*Input data*

- - -

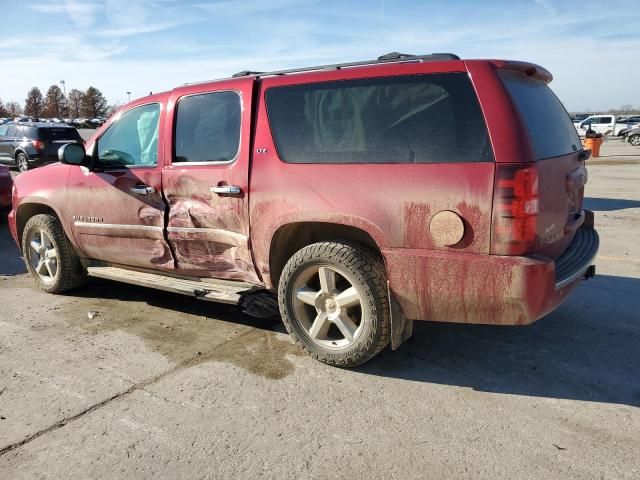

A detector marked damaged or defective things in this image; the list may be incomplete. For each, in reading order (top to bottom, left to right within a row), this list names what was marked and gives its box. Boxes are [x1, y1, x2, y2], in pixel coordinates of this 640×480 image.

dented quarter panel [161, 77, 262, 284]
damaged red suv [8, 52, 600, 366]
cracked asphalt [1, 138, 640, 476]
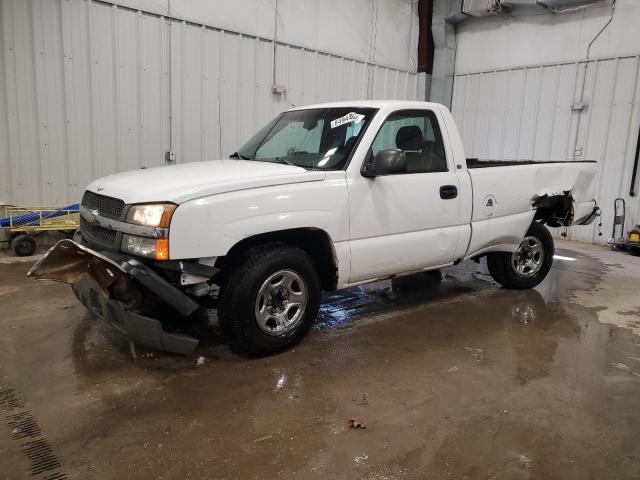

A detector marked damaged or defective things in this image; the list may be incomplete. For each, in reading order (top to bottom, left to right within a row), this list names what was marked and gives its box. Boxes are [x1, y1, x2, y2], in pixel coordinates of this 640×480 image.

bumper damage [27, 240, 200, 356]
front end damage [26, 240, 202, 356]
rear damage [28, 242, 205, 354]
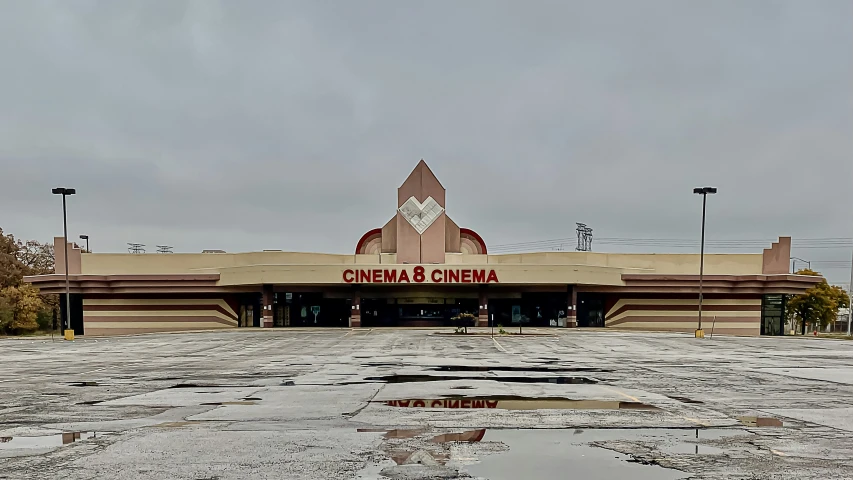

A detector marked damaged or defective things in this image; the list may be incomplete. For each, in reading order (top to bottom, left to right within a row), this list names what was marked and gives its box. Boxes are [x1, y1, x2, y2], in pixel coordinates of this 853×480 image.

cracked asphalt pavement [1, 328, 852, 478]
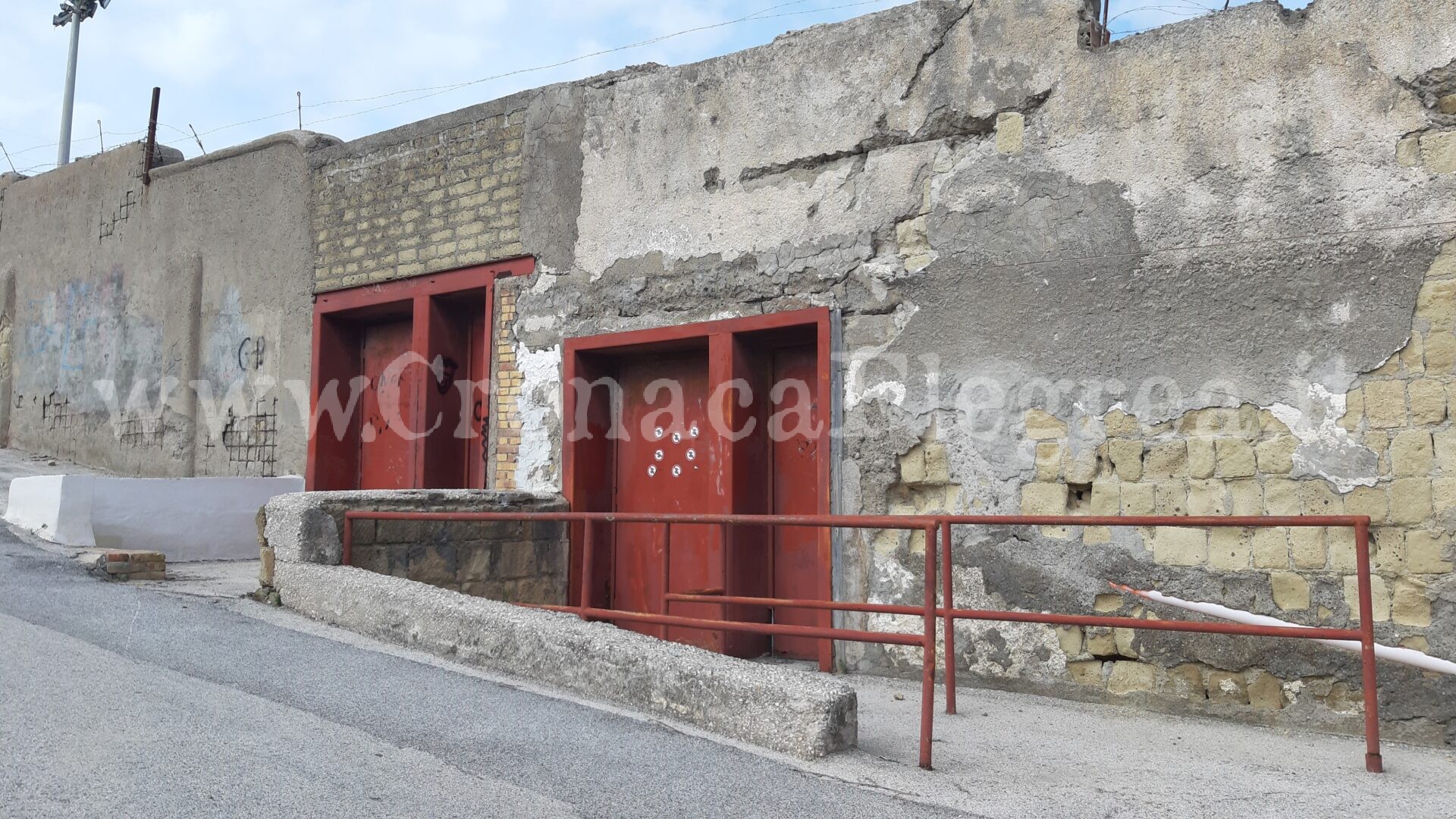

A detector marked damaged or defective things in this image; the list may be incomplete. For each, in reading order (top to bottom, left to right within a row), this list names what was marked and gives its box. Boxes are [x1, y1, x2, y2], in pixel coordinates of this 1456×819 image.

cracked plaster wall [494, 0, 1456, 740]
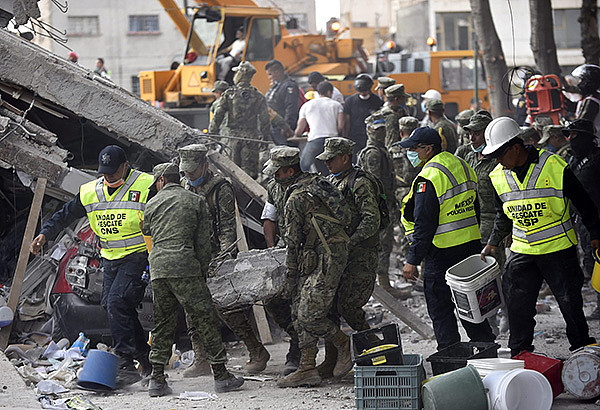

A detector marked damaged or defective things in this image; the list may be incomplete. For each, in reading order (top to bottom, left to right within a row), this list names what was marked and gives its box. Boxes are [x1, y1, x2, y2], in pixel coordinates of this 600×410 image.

- - -

*Work to complete*
Transcribe, without alteration, each line from the one with "this 1456×819 image." through the last line of the data; no pictures belong in the copy.

*Solution for this problem*
A detector marked damaged or defective things in this image; the list may be incomplete. For each, in reading order (top to bottom, left to right within a row), this list names what was marked and gives its box. Boxes are [x1, y1, x2, y2], in pixel coordinates of this 1456×819 image.

cracked plaster wall [494, 0, 1456, 740]

A detector marked damaged or defective things in this image; the list may be incomplete. For each, in reading order (top to bottom, left to right within a row), this list names what was marked and gives its box. Boxes are [x1, y1, x2, y2], in pixel coordinates of this 600×410 image.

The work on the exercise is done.